# Damasko should use BGW9 lume - agree or disagree?



## JuicyFruit1983

First off, no disrespect to the brand. I think they're a mighty fine organisation and quite possibly may have one of their pieces to call my own one day, they look fantastic and from what I can tell they represent a very competitive option for their niche and price-point. I have spent a lot of time researching their watches. However. The sticking point for me and many others seems to be the lume, and in most cases i've seen, only the lume (everything else about them looks solid). At present the use of C1 on a tool watch designed for military grade performance and usefulness just seems... a little self-defeating. Now the only real excuse i am aware of is that C1 is a crisp white in daylight so it looks better. Until recently that was all good, but with BGW9 now being widely used, brighter and longer-lasting, and just as crisp and white in the daylight, surely it is high-time for a Damasko lume revolution? 
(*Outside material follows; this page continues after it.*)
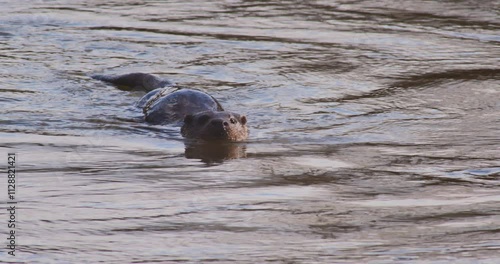 SLO MO MS Otter swimming in river / Blandford Forum, Dorset, UK photo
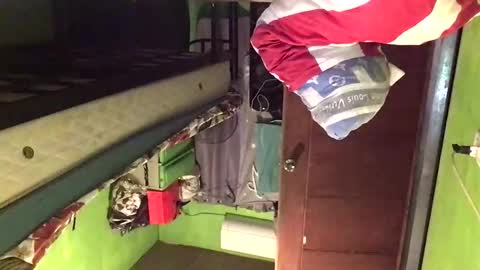 Crystal online show from 02.20.26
Lume may not be important to some, and in some styles of watches I can take it or leave it myself, but for a tool watch of this level of spec and corresponding cost I would say it was quite significant, and a big factor to consider when debating whether to make a purchase or not. From reading around I know I am not alone. The sort of people interested in these watches are often the sort that need to be able to read their watches at night, and some of these folk are sometimes put off by the use of C1 lume.

A DA47 with fully-lumed BGW9 dial and bezel that popped like a Tudor Pelagos and burned all through the night would inspire me to raise (or justify) the funds quicker and out-do several close-call competitors all at once. The dial would stay a crisp white, and in all reality after the initial burst of charge the lume wouldn't be so bright as to offend anyone (some prefer subtle lume). It would just be nice and legible all night, and far superior to C1. 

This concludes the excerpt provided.